From a technology point of view, he said that he was focusing on “the most impactful and largest areas that we want to make an impact on in the first year”. He explained that the company is looking at areas of overlap between the legacy Warner Bros and Discovery businesses where it can standardise procedures and find “common ground”.
He cited playout technologies. “We’re definitely on a standardisation push: How can we align our platforms around the world and bring those together? We have north of 850 distributed linear feeds within the combined portfolio.” He also picked out collaboration technologies, such as email, meeting and chat platforms.
Duvall addressed recently announced plans to bring together HBO Max and Discovery+ as one OTT platform. “The plan is do that around the world. We’re going to start in the US as early as next summer, progressing sequentially to LatAm at the end of ‘23, EMEA early ‘24 and APAC as well in ‘24”
He said a key challenge was incorporating live offerings, such as sport, within a combined OTT platform. “Live is still very intensive from a human capital perspective.
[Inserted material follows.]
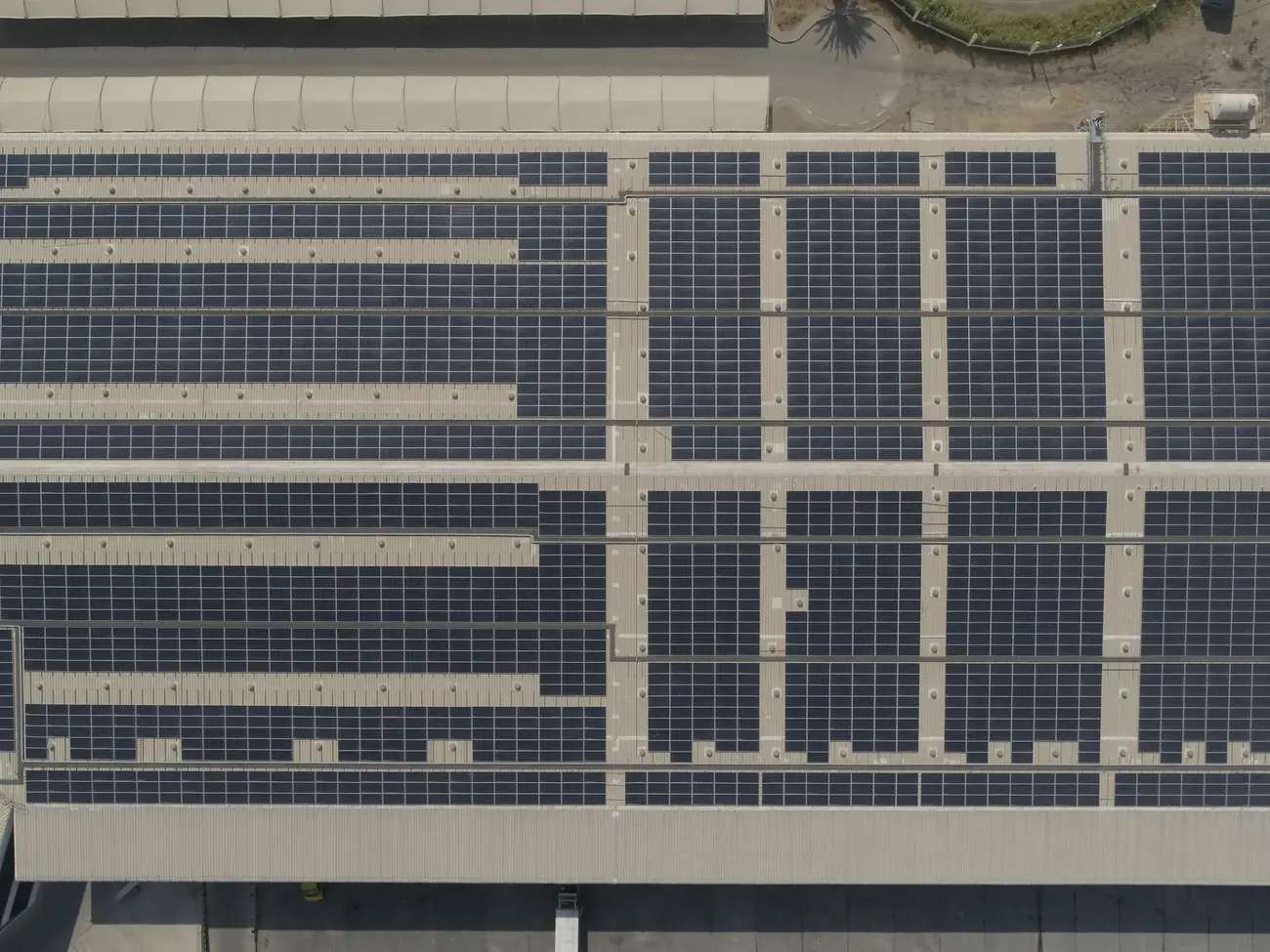 Dubai - Seven seas on-site solar rooftop installation - DG MEA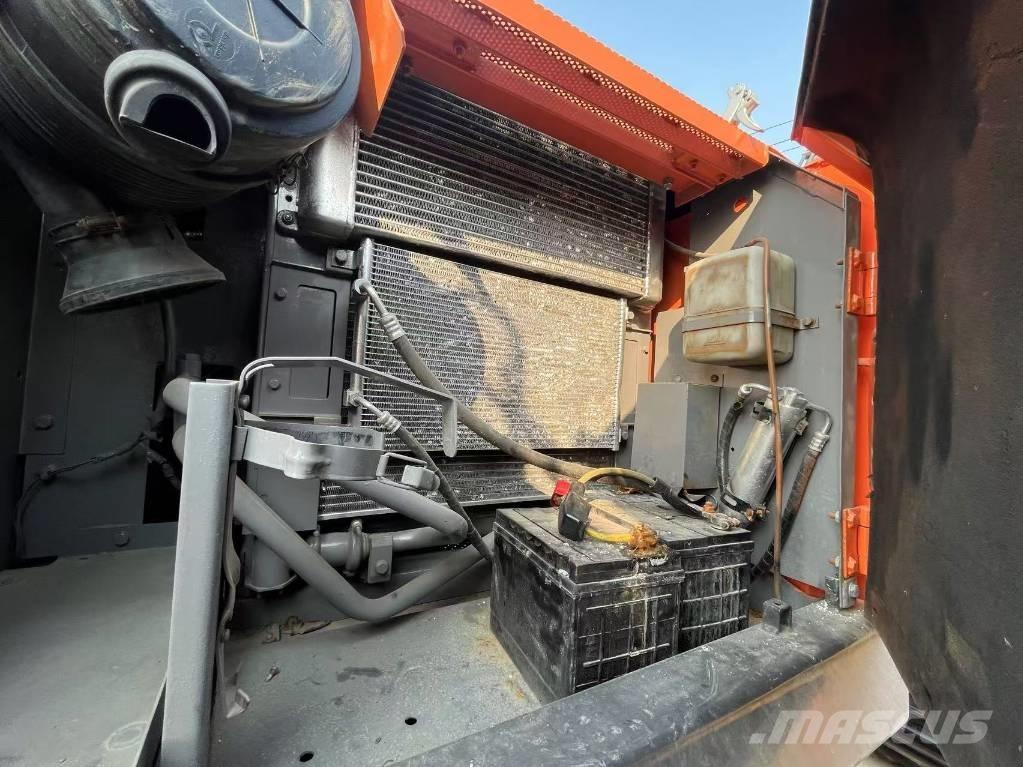 Hitachi ZX 160 Paletli ekskavatörler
It takes a lot of teams and operations to pull that off,” he said.
Asked what keeps him awake at night, Duvall cited the threat of piracy. He spoke of the millions of dollars invested in the new HBO series of House of the Dragon. “You do not want that programme leaking in a way that undercuts the big moment that it’s been building to for years… For me it’s the cyber and content protection lens that is the trickiest.”